Thank you Olivier :)
On Thu, 2008-01-31 at 20:12 +0100, Olivier Robert wrote:
Hi,
- "How can I determine what the user responds, is there errorlevels
or anything like that?"
You can check for the exit status of the xmessage command
- "What is the reason for doing ' > /dev/null 2>&1'"
It redirects any standard out and standard error to oblivion
Let's say you have a vnc session on port 5902. You want a script that checks if there's a session and display a message to the user. And you want to know if the user read the message. Here's what you could do. (you'll have to adapt and add a loop in there if you have several vnc sessions)
Edit the linux user's ~/.vnc/xstartup and add an "xhost +" in it.
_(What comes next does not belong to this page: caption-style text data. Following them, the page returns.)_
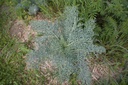Seseli gummiferum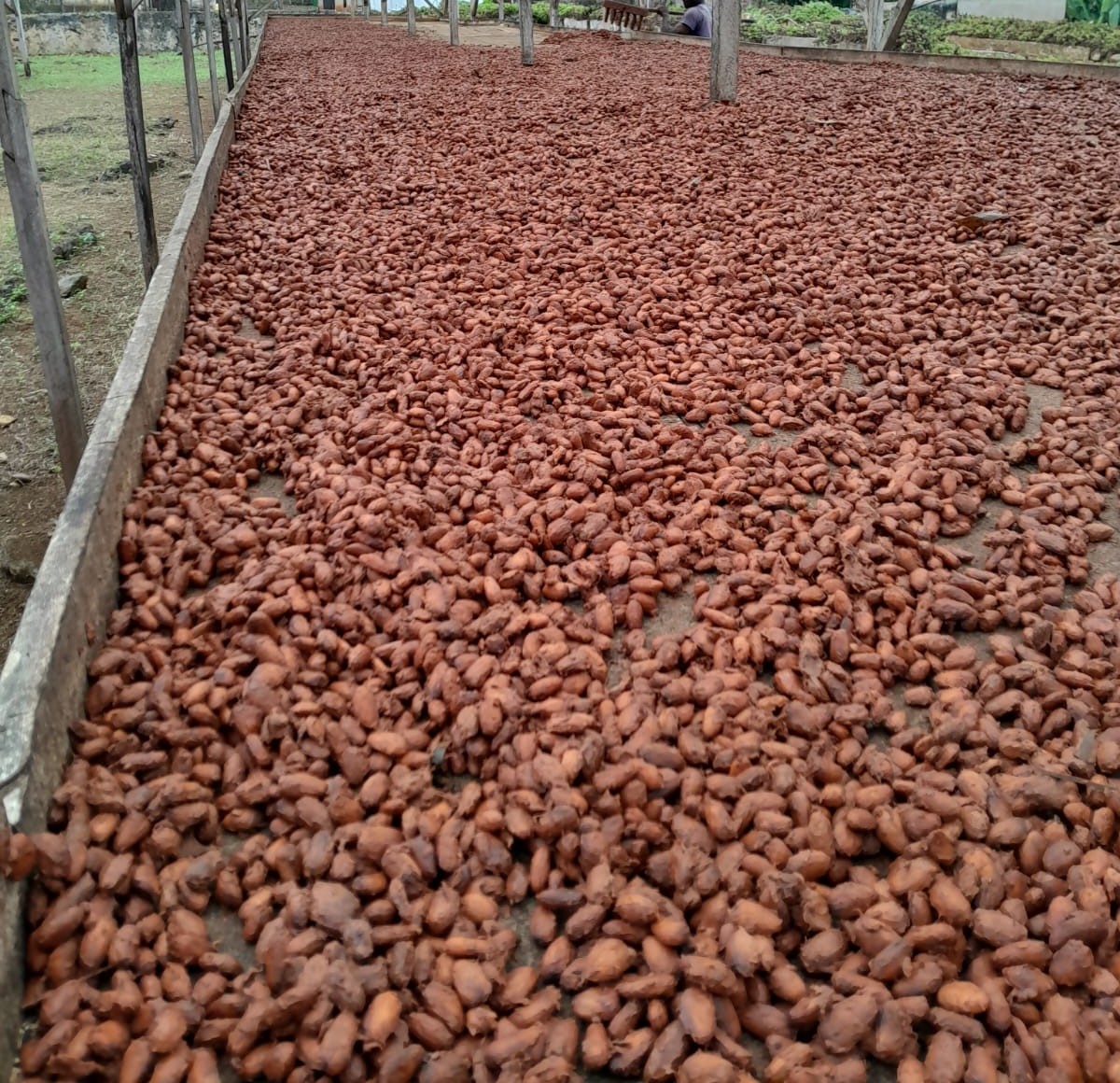 Signature Blend Roast Coffee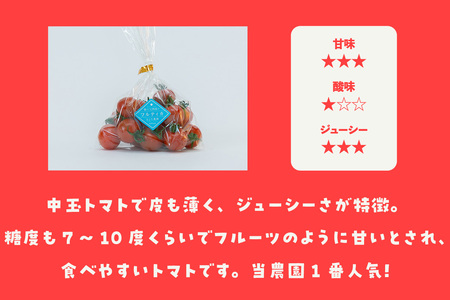 【先行予約】【5月中旬以降発送】フルーツトマト 中玉フルティカ1kg
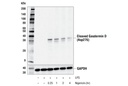 Cleaved Gasdermin D (Asp276) (E3E3P) Rabbit mAb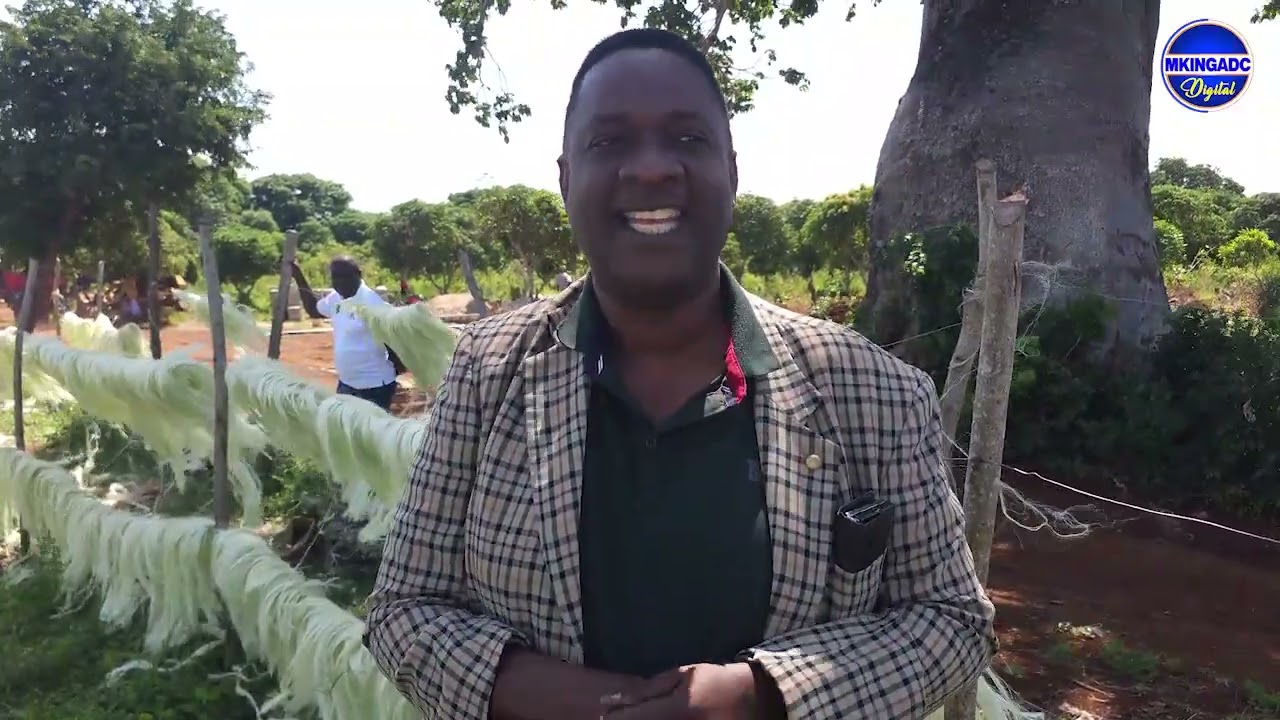 MKONGE NI DHAHABU YA KIJANI - DUVII FARM NA UKUZAJI WA ZAO LA MKONGE MKINGA , WAMSHUKURU DKT. SAMIA 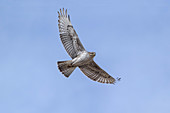 Ferruginous Hawk, Buteo regalis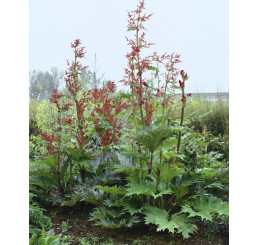 Rheum palmatum ´Atrosanguineum´ / Rebarbora okrasná červená, C2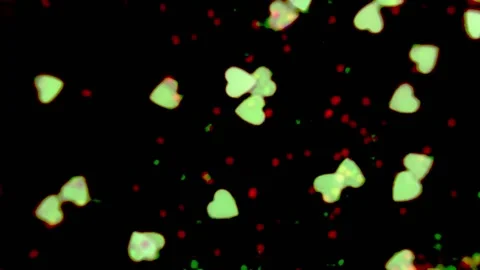 Heart shapes floating acros the frame with a black background Stock Footage 133506984
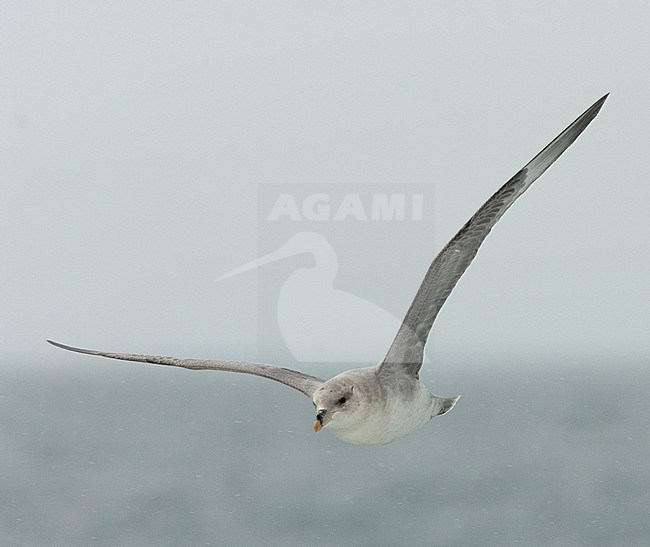 Northern fulmar in flight stock-image by Agami/Roy de Haas,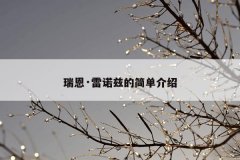 瑞恩·雷诺兹的简单介绍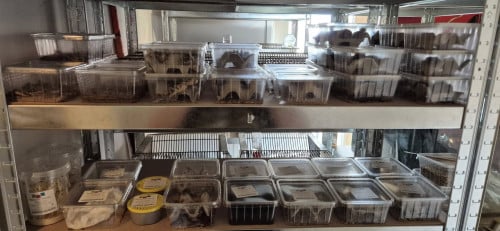 Levende voerder insecten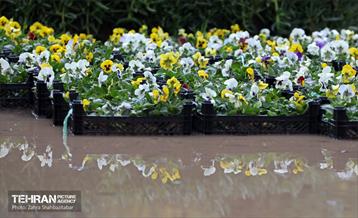 بارش باران پاییزی در تهران 10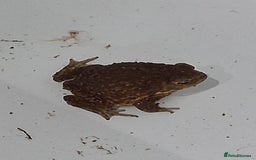 Toad reptiles for sale: Cane toad  - Image 1
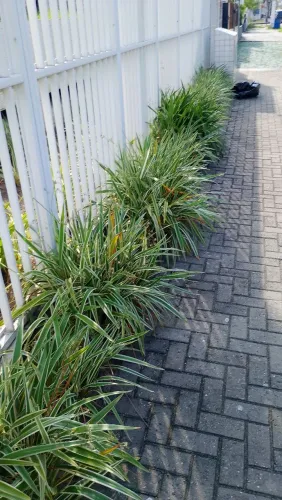 Jardineiro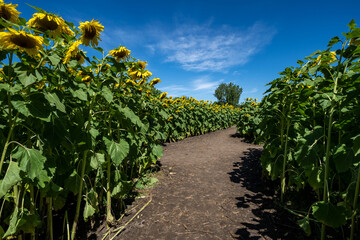 Fototapeta na wymiar Path through a field of bowing sunflowers on a sunny day
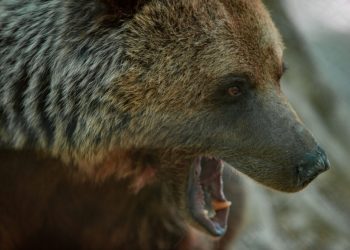 Με το κινητό του κατέγραψε τον θάνατό του ο ορειβάτης στη Δράμα – Συγκλονίζει το βίντεο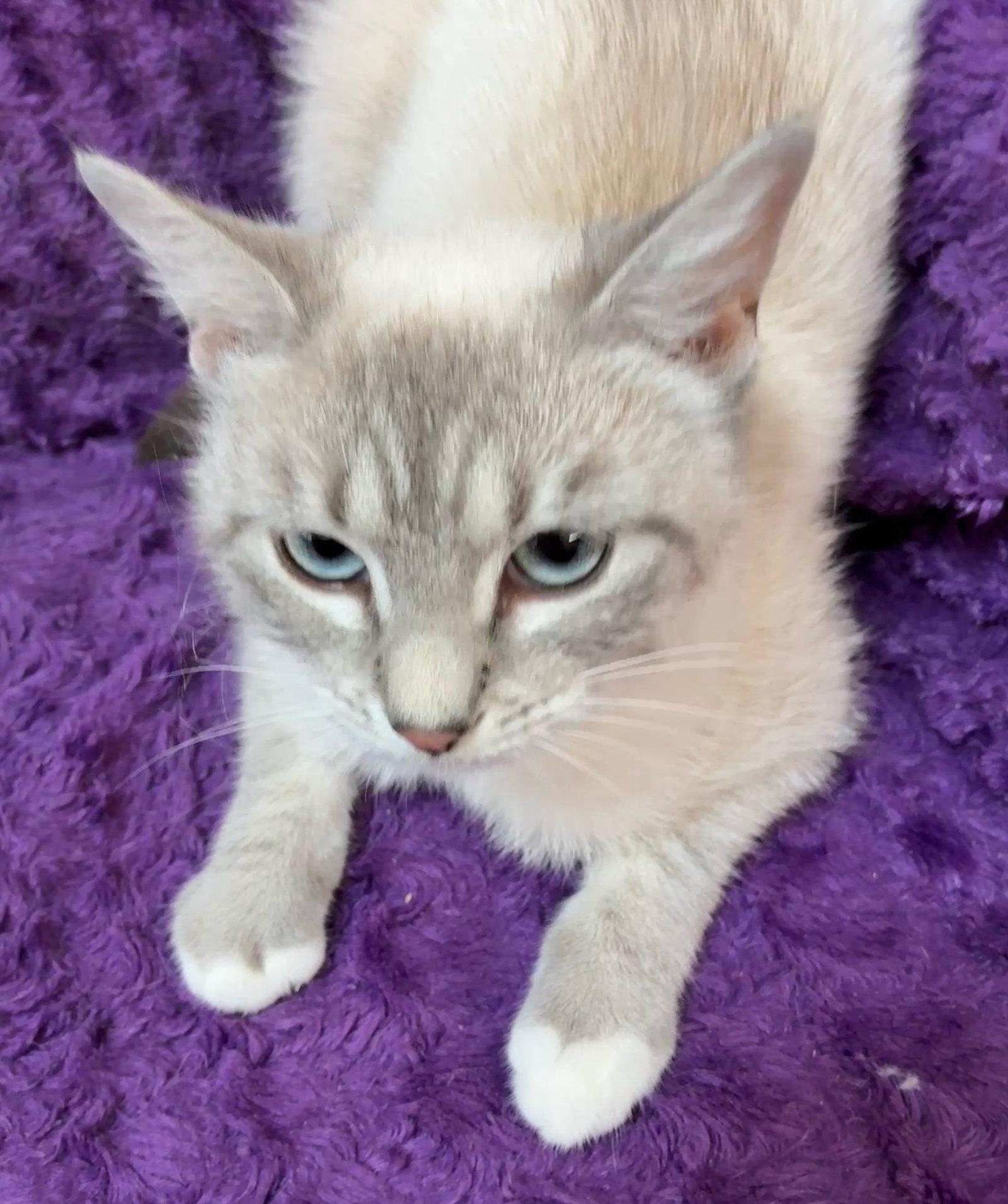 Vanna, Adopted, Young Female Domestic Short Hair & Siamese.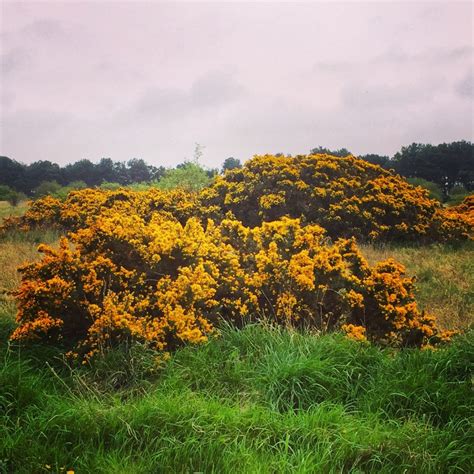 Gorse flowers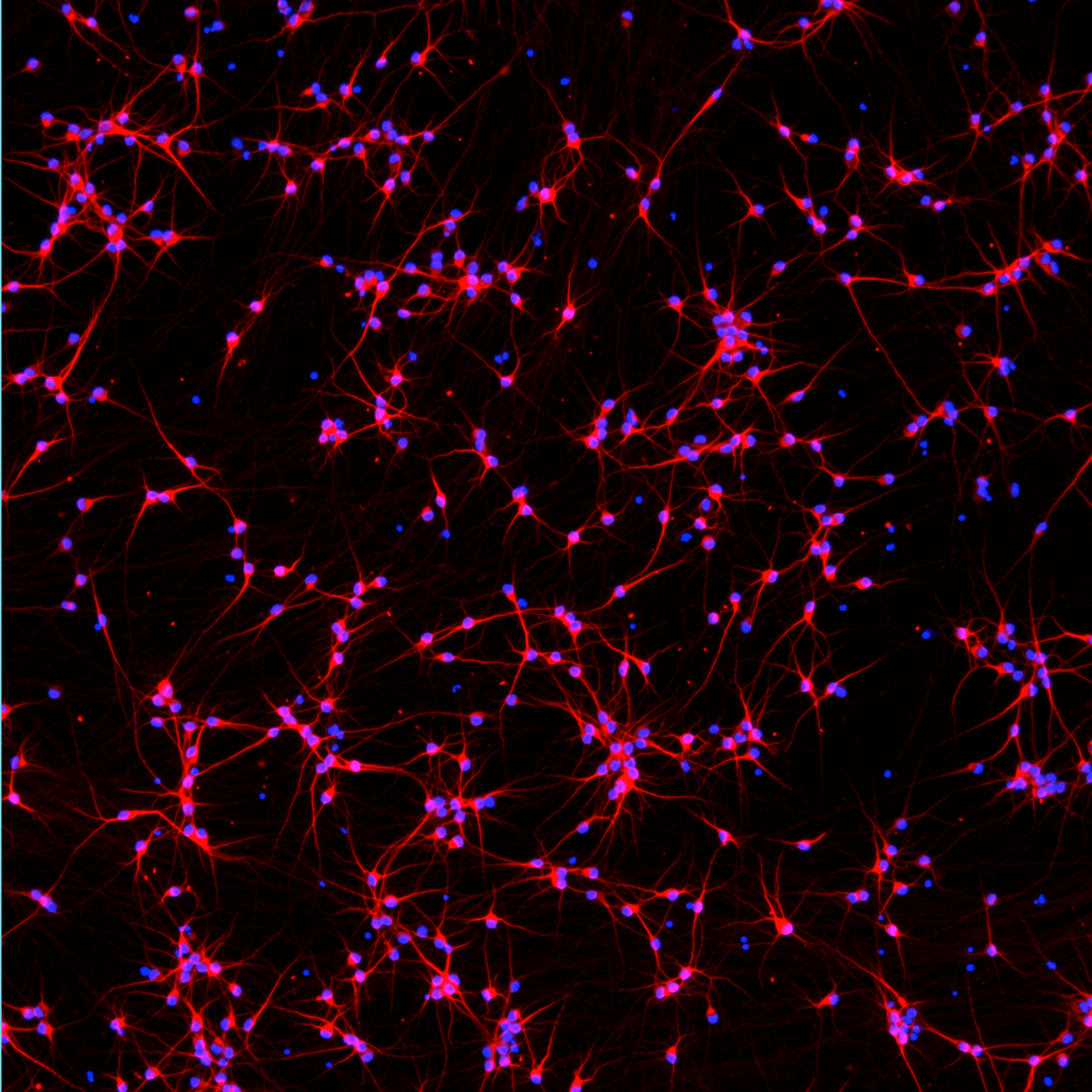 ioGlutamatergic Neurons SNCA A53T/WT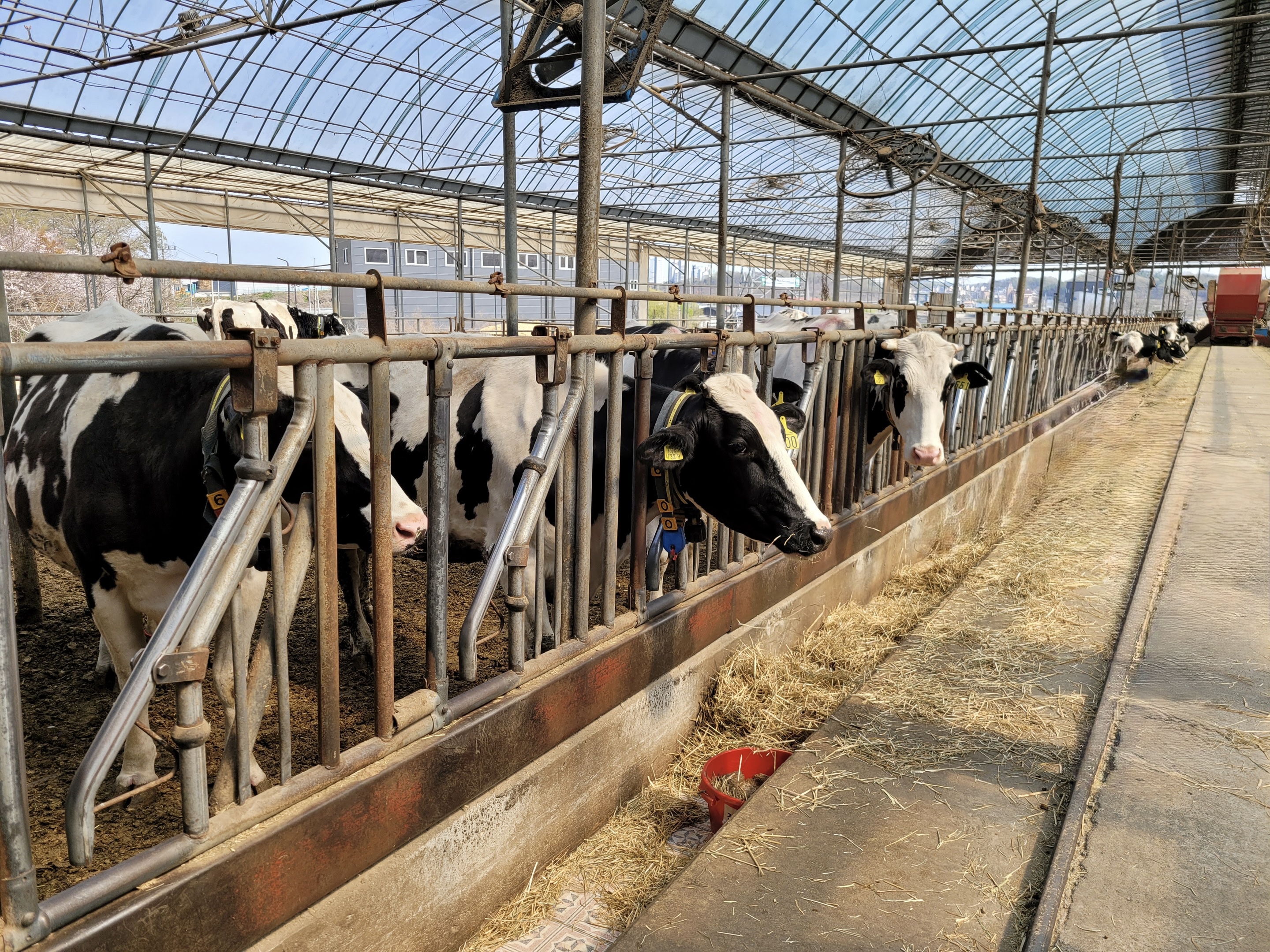 가축사육제한구역의 개념과 환경보전적 의미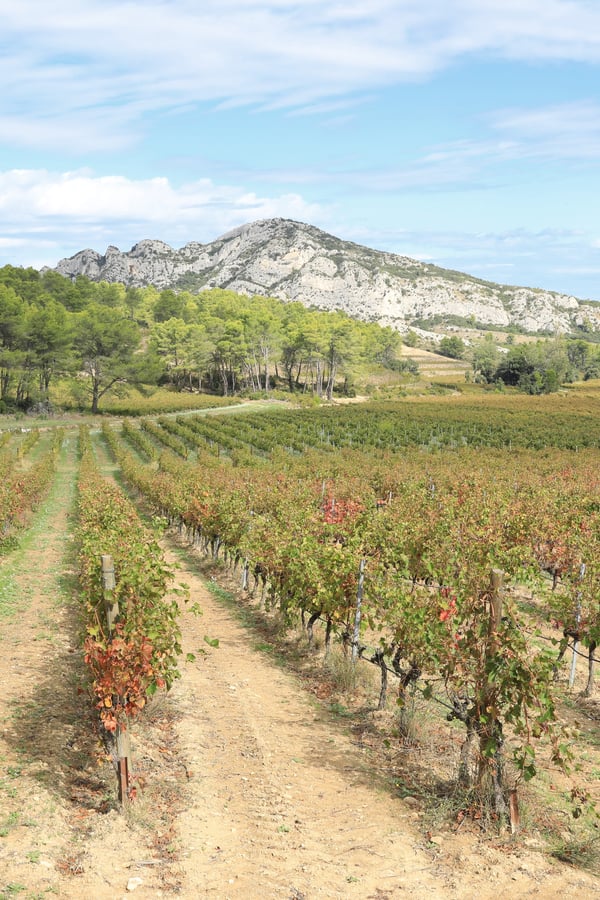 vineyard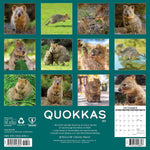 Quokkas 2025 Wall Calendar - Willow Creek Press 9781549246562_1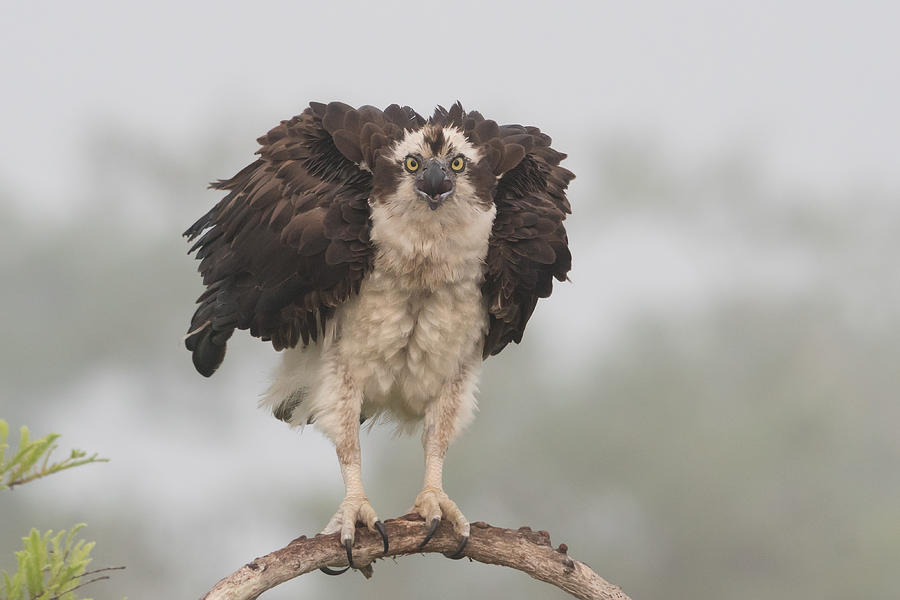 Osprey Photograph - Nervous To Fly Today !!!! by Alfred Forns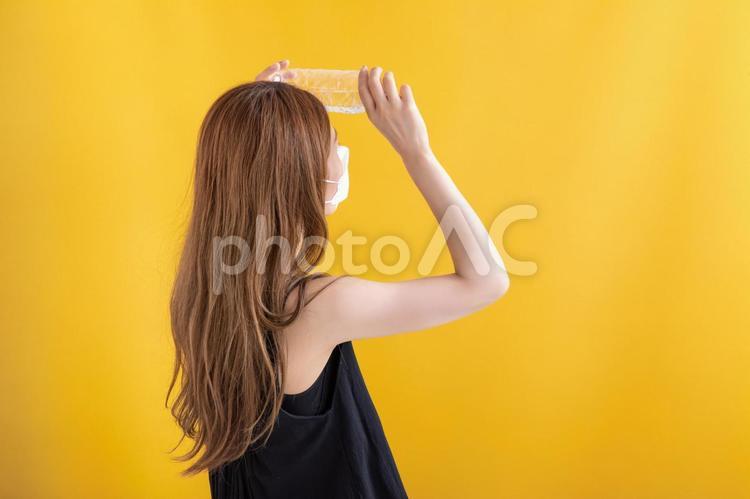 暑くて頭を冷やす女性　summer ペットボトル,暑さ,暑いの写真素材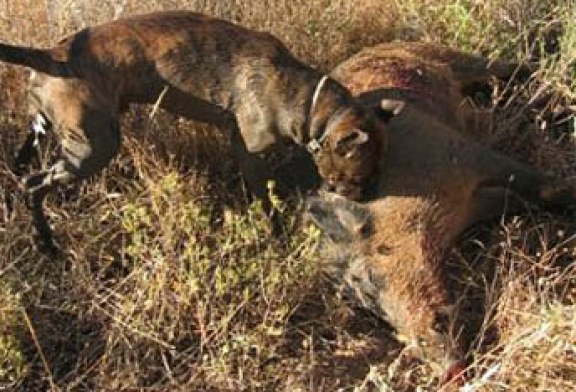 Primera acreditación de un equipo de rastreo de AEPES sobre rastro natural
Otherwise you will not be able to display the message.
Use a script similar to this one: (of course, you will adapt and enhance)
#!/usr/bin/env bash
netstat -tape | grep ESTABLISHED | grep Xvnc | awk '{print $4}' | awk -F ":" '{print $2}' > log-ports
for user in `cat log-ports` do case $user in 5902) export DISPLAY=:2.0; xmessage -buttons "I understand":10 -center -timeout 60 -file testmsg > /dev/null 2>&1 [ $? -eq 10 ] \ && echo "$user acknowledged!" \ || echo "No answer from $user!" ;; esac
done
The user connected to 5902 will get a windowed message with a "I understand" button. If he clicks on it, you'll know. If he doesn't, it'll time out after 60 seconds and return an exit status of 0 (zero): you'll know too .
Hope it helps, Olivier
Thank you very much, I learned so much from your answer so that I will be busy programming scripts for a long time.